Pema Chodron, the Buddhist nun wrote that “The present moment is the perfect teacher. And lucky for us, it’s with us wherever we go.” But I didn’t feel lucky. I felt jipped. Terrified of the unknown. Somehow, my cozy little nook in Ventura had been transformed into the part of yoga class I detested. My mat was up against the wall and I had nowhere else to go.
So I took a breath. I watched while my beautiful yoga teacher, Jessica Anderson, placed her palms on the floor and gracefully stepped into handstand as if she were only climbing up a ladder. I watched how calm she was. How her ankles hovered just a second before her toes touched the wall. Maybe I could do that, I thought, then. Now I know that what I really thought was I need to learn how to do that. I need to save my own life.
Every day during our move I worked on my handstand, finding empty walls in hotel rooms, my parents’ house, a rented apartment, our new home. In yoga, the Sanskrit word for handstand is Adho Mukha Vrksasana, or downward-facing tree pose. I felt as though a tornado had ripped through my world. But maybe, I could learn to be a little flexible. Maybe I could manage that.
Because, while there is something in me that feels the need to fix everything, or at least make it look good, I could not fix this. I could not put ground under my feet where there was none. I could not convince the Navy to let us stay in Ventura. I could not prevent my son’s tears while he packed his own cardboard box of toys. I cannot ever be sure that my husband will never leave me, that my children will never be hurt, that we will always be safe. i cannot prevent towers from falling or oil rigs from exploding or women from being attacked while jogging through parks.
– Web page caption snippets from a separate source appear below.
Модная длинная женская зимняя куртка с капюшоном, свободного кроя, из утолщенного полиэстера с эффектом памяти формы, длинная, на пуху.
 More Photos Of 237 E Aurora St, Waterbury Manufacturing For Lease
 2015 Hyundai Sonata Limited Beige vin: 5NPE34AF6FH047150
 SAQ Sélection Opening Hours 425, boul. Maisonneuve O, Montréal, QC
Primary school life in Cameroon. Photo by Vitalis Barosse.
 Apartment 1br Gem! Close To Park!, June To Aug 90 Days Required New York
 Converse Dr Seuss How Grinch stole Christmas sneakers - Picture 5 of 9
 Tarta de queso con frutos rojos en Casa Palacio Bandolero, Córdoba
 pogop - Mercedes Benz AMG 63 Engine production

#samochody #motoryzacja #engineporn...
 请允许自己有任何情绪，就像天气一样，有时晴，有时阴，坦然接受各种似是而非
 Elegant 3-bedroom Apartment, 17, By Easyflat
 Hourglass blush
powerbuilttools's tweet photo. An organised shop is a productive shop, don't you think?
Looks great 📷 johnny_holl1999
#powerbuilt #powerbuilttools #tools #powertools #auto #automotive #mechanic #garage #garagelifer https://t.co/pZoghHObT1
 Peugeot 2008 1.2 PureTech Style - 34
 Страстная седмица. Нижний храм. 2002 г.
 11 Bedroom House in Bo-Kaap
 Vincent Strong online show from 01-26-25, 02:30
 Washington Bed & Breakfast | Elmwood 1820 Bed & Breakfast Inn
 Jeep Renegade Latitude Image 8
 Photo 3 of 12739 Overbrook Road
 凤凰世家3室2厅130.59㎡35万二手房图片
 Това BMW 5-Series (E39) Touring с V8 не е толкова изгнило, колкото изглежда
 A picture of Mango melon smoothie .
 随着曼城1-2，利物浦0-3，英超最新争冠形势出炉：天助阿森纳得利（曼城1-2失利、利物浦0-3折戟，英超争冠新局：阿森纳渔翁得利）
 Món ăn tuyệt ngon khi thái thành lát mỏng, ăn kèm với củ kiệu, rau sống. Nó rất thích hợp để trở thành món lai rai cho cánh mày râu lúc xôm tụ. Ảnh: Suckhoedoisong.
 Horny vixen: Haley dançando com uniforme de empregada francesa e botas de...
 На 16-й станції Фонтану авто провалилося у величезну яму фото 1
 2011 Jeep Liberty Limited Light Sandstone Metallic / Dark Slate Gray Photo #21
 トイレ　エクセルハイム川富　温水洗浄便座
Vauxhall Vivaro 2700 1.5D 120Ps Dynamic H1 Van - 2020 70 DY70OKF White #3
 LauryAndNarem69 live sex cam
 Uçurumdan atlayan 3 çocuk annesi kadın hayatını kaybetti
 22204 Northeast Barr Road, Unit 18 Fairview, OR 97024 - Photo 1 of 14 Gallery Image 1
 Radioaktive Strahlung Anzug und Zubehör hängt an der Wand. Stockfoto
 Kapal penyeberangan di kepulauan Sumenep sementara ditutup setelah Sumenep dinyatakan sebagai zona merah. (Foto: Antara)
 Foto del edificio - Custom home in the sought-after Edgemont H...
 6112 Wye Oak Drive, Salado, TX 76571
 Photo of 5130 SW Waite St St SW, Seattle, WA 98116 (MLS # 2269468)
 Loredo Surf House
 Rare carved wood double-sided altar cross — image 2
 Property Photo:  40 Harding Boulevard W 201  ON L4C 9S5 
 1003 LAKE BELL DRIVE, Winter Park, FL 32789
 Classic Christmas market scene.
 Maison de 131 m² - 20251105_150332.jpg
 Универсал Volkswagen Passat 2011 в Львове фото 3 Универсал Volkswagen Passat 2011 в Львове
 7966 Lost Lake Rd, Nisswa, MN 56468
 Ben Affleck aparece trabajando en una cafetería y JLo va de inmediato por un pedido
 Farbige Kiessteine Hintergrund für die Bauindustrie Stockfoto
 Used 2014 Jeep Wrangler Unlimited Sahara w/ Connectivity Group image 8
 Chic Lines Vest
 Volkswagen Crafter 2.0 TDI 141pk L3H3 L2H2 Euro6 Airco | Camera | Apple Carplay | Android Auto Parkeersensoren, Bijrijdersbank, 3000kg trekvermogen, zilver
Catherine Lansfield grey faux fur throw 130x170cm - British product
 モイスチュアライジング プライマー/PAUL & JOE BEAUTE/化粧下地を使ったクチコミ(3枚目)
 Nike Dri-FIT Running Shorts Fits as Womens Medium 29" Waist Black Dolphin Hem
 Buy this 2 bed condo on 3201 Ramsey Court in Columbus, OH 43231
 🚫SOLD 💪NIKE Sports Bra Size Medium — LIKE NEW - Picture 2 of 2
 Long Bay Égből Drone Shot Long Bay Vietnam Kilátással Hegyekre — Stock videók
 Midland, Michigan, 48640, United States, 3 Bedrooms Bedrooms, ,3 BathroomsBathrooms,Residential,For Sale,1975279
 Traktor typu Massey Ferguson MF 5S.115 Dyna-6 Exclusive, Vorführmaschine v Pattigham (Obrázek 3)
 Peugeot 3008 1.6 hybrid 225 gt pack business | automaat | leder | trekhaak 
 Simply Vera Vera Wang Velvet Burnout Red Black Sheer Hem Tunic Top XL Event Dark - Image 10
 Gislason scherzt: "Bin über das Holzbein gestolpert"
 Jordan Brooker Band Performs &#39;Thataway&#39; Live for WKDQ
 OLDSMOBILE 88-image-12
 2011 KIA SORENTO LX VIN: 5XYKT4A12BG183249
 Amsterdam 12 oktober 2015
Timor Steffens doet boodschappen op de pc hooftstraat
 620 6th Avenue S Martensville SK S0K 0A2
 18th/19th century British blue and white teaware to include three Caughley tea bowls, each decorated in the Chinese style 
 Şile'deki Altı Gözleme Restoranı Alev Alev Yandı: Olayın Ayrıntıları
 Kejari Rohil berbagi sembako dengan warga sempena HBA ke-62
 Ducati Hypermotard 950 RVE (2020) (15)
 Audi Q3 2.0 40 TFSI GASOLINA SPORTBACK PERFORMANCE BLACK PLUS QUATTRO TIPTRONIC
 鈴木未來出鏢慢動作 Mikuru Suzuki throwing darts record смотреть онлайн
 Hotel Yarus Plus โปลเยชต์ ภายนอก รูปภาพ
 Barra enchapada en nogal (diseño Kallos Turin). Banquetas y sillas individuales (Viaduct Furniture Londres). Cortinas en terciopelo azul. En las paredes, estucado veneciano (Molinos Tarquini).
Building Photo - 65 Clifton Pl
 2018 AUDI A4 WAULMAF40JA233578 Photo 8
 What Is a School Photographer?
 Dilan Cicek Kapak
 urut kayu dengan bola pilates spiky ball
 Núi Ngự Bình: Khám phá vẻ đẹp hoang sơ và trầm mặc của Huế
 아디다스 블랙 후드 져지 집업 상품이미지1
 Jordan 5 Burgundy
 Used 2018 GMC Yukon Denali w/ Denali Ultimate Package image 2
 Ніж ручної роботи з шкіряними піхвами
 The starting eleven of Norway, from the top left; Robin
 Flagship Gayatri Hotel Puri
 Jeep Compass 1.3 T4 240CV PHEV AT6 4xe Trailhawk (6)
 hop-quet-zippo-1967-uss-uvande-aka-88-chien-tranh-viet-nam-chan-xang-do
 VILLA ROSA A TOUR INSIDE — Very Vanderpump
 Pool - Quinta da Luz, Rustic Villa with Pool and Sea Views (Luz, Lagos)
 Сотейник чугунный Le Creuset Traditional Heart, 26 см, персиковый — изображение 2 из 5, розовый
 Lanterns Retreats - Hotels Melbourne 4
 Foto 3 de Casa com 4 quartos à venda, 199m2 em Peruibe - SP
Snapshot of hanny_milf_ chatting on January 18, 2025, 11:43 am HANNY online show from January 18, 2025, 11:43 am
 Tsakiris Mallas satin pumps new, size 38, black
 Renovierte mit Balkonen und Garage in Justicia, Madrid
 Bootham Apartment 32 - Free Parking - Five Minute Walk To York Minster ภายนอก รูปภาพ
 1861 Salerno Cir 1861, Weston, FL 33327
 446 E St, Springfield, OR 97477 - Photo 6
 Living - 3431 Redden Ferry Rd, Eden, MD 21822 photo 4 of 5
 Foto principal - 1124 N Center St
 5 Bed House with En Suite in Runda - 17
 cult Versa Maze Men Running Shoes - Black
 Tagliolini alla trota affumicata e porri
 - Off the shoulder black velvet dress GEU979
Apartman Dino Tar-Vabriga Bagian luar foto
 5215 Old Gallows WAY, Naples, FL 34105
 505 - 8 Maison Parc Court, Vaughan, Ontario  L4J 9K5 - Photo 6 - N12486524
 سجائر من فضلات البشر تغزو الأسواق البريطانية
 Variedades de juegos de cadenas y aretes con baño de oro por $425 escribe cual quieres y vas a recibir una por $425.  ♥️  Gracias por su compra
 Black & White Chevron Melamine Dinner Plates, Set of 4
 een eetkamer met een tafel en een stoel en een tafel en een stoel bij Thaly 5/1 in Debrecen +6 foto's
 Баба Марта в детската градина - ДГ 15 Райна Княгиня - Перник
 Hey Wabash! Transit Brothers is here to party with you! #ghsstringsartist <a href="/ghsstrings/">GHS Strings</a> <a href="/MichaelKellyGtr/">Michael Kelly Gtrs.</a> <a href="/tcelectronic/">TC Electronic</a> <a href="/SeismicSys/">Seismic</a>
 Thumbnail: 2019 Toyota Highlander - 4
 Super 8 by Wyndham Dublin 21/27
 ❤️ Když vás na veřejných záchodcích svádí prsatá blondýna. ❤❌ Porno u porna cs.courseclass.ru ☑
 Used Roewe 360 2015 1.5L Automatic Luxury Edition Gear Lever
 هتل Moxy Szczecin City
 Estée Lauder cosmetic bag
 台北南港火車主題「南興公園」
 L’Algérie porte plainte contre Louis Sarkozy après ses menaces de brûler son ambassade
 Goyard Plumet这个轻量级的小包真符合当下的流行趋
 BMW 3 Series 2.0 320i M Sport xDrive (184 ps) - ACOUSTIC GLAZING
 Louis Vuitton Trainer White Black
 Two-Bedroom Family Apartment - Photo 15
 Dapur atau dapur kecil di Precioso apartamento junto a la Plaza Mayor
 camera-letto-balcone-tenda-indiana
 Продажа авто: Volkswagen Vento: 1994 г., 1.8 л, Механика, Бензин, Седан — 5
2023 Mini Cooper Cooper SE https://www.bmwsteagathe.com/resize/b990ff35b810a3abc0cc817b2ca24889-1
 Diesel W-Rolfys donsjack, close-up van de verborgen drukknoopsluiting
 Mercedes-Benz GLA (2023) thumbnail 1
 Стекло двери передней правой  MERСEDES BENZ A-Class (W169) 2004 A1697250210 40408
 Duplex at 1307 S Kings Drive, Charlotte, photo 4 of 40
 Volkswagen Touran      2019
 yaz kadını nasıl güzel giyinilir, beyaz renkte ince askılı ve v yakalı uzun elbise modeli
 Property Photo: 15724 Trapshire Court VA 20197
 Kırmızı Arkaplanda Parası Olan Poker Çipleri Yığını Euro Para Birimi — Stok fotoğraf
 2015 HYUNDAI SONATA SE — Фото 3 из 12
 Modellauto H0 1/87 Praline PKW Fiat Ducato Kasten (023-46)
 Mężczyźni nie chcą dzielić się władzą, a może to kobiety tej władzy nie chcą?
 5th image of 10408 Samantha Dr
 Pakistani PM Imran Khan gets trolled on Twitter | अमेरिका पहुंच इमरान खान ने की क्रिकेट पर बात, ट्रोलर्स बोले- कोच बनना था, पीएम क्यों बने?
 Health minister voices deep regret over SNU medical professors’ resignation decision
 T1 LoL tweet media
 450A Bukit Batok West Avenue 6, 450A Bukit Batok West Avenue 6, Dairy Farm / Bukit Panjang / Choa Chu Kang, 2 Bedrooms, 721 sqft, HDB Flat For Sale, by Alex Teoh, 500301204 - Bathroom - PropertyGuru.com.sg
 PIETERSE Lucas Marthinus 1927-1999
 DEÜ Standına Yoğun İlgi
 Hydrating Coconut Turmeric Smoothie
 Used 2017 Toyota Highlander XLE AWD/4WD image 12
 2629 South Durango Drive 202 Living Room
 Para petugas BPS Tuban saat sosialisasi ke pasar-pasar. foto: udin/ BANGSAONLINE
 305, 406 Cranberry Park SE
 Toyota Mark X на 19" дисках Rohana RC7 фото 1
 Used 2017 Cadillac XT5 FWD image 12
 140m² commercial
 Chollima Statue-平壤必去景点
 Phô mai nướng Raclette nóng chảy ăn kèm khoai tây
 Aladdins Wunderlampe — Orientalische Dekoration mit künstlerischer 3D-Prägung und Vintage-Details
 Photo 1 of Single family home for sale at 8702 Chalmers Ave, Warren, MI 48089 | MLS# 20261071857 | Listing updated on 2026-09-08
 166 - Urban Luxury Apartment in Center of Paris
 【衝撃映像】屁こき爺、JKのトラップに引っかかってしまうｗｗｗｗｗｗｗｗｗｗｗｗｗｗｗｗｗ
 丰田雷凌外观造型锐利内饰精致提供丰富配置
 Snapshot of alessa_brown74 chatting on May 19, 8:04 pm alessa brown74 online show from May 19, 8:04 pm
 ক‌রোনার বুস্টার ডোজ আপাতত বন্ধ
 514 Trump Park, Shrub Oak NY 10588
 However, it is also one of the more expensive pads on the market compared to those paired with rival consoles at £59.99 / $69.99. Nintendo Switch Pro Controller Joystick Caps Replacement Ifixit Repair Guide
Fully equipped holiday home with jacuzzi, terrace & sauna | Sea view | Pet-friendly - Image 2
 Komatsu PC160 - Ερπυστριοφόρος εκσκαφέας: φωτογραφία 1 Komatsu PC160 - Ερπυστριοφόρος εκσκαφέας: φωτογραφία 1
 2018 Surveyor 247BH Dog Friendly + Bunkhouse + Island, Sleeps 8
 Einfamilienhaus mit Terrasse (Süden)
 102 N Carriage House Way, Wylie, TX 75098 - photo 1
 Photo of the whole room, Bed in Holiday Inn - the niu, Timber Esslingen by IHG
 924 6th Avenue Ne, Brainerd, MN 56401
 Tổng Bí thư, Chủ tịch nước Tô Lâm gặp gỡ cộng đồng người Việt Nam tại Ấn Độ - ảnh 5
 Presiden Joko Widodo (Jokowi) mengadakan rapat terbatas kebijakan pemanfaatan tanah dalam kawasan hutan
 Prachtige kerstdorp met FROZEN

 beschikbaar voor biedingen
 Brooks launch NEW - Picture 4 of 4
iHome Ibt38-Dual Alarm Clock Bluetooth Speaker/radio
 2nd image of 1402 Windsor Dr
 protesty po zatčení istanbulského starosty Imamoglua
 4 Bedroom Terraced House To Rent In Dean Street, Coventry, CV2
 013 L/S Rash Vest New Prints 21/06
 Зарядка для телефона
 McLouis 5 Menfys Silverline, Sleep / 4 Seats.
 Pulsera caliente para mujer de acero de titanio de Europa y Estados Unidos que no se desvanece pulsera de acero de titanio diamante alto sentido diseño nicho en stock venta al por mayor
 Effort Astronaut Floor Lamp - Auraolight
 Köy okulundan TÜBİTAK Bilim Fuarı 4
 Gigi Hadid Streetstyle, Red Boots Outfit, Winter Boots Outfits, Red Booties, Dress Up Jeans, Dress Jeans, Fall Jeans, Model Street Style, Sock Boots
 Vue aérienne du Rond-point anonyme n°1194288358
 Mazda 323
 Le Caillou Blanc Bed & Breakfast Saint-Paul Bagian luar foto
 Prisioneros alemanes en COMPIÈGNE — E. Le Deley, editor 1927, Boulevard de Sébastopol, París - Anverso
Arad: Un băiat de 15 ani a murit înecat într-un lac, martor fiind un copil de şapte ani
There is so much that I cannot do, but I tell myself that I can do this: I can try to be OK with my feet hanging over my head. I can try to learn to walk on my hands.
Tonight, in the downstairs playroom, I kick up into a handstand, and for a millisecond I am suspended. For just a moment, everything lines up. I am in one plane, my body perpendicular to the earth, my toes reaching for the ceiling. I hover in stillness for only a second, but it doesn’t matter. It’s like anything big and beautiful: a sunset, a new baby, the first kiss. Time is irrelevant. Once you see what’s possible – if only for a second – you can’t not see it anymore. Upside down, my body seems weightless. Groundless. I am only my palms rooted in the earth and my heart, floating up between my ears. It’s only a second, but I am thrilled, shocked, humbled. And in that magical instant, right before my feet fall back to earth, I realize that there is very little difference between groundlessness and flying.